Sodeau and Demetre have amplified that association by inserting black and white photos of cyclists from days gone by into the menus, as well as placing a beautiful pink bike frame made by legendary Italian frame builder Dario Pegoretti on the wall, alongside vintage artwork for French and Italian drinks brands.
Team Ineos (formerly Team Sky) owner Jim Ratcliffe has reportedly already visited, as has former pro cyclist and now commentator and arbiter of cycling style David Millar.
“There is more to Vermuteria than vermouth. It is a café, bar, restaurant, meeting place – all those things have a huge synergy with cycling,” Demetre explains. “If you meander through Italy by bike, you will stop and have a plate of macaroni or arancini, so the menu has been designed to echo that. It captures that whole European feel.”
Then again, Demetre and Sodeau have been careful not to make Vermuteria a haven for cycling geeks, and Demetre is keen to emphasise that it is accessible to all. “We are categorically not a sports café. Cycling is just one of the angles. There is great coffee, vermouth, food, pâtisserie and gelato,” he adds.
There are plans afoot to expand the brand, with Demetre keen to find a bigger site in London, but also potentially abroad in the future, with Asia being one of the regions of the world where he and Sodeau feel it could work well.
Anthony Demetre on….
…the state of the restaurant market
“I feel really sorry for someone like Jamie Oliver, because he employed more than 1,000 people and tried tirelessly with escalating rates, prices on produce, minimum wage and pension contributions. The government unfortunately doesn’t help small businesses. Retail and hospitality run side by side and retail is shot to pieces. I won’t say it is easy, but it is an awful lot simpler to run single sites. When you start to expand, that is when inconsistencies can creep in. It is a very discerning market and you have to be consistently good.”

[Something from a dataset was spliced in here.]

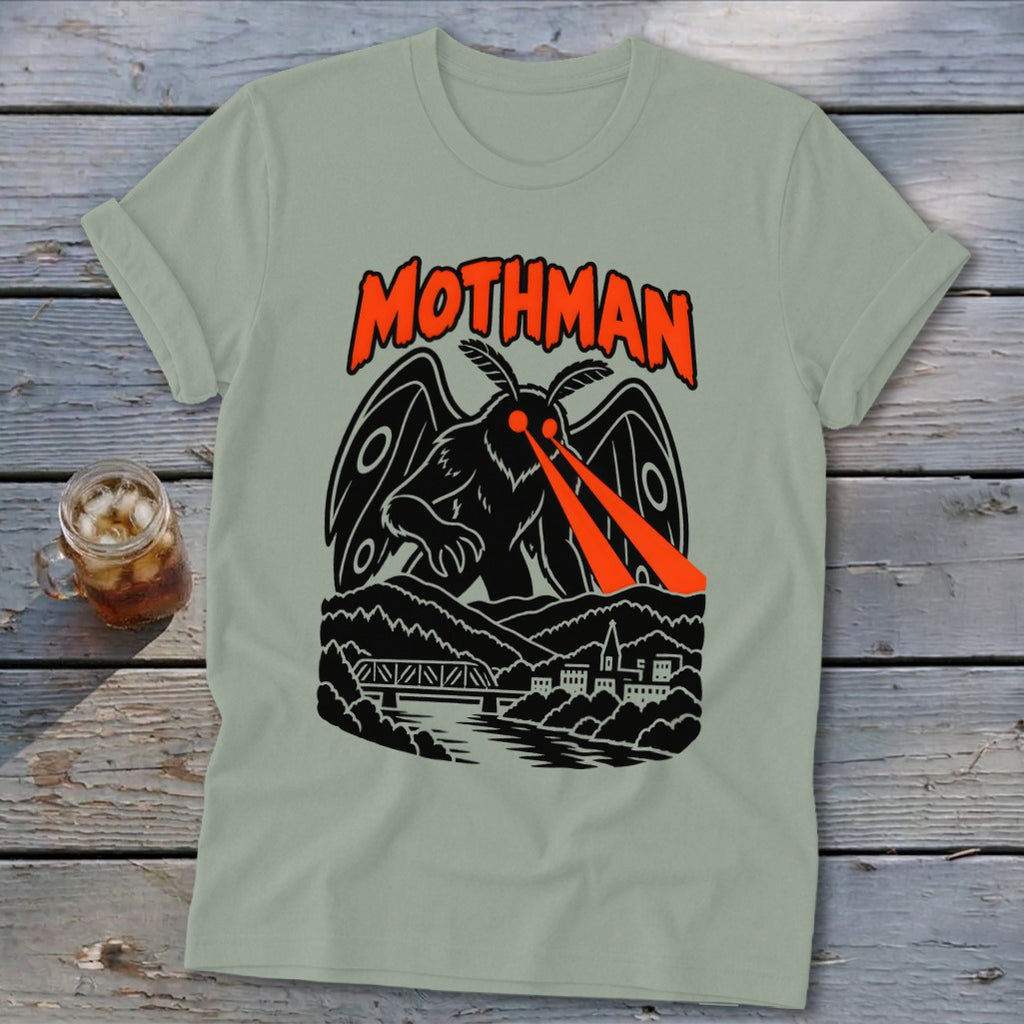 Mothman graphic on a light green t-shirt with a bridge and town.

…French cuisine’s bright future
“French cuisine has fallen out of favour and there has been an explosion of different types of cooking from around the world. But when I look at the next generation of cooks and you see Merlin Labron-Johnson, Alex Jackson at Sardine, William Gleave at Bright, even Tomos Parry at Brat – they are great young cooks resurrecting European cooking, but in a really relaxed, informal manner. There is more to French food than fancy fine dining and that, in essence, was what Arbutus was about, and Wild Honey too.”
…why he won’t resurrect Arbutus
“We had 10 good years there, but it was definitely time to move out of Soho. It sounds awfully arrogant but Arbutus was unintentionally a game-changer. Will and I had – and still have – the same ideas about how food should be and what price you should pay for it. But I never live in the past. There will be flashes of Arbutus at Wild Honey St James. We have already had people coming in who were massive acolytes of Arbutus, saying: ‘Oh my god, the bouillabaisse is back, the pig’s head is back’.”
“The industry has been through a tough time in terms of finding staff, so for us, it is not only about attracting them, but retaining them. Staff here get a great work-life balance and salary. With Sofitel being part of a French company, they also get help in terms of Eurostar and accommodation discounts in other hotels as well as heavily discounted meals, staff uniforms, staff meals on-site, and help with travel and private health. Chefs work a five-day week and only two double shifts, making up seven in total. The days of split shifts have gone.”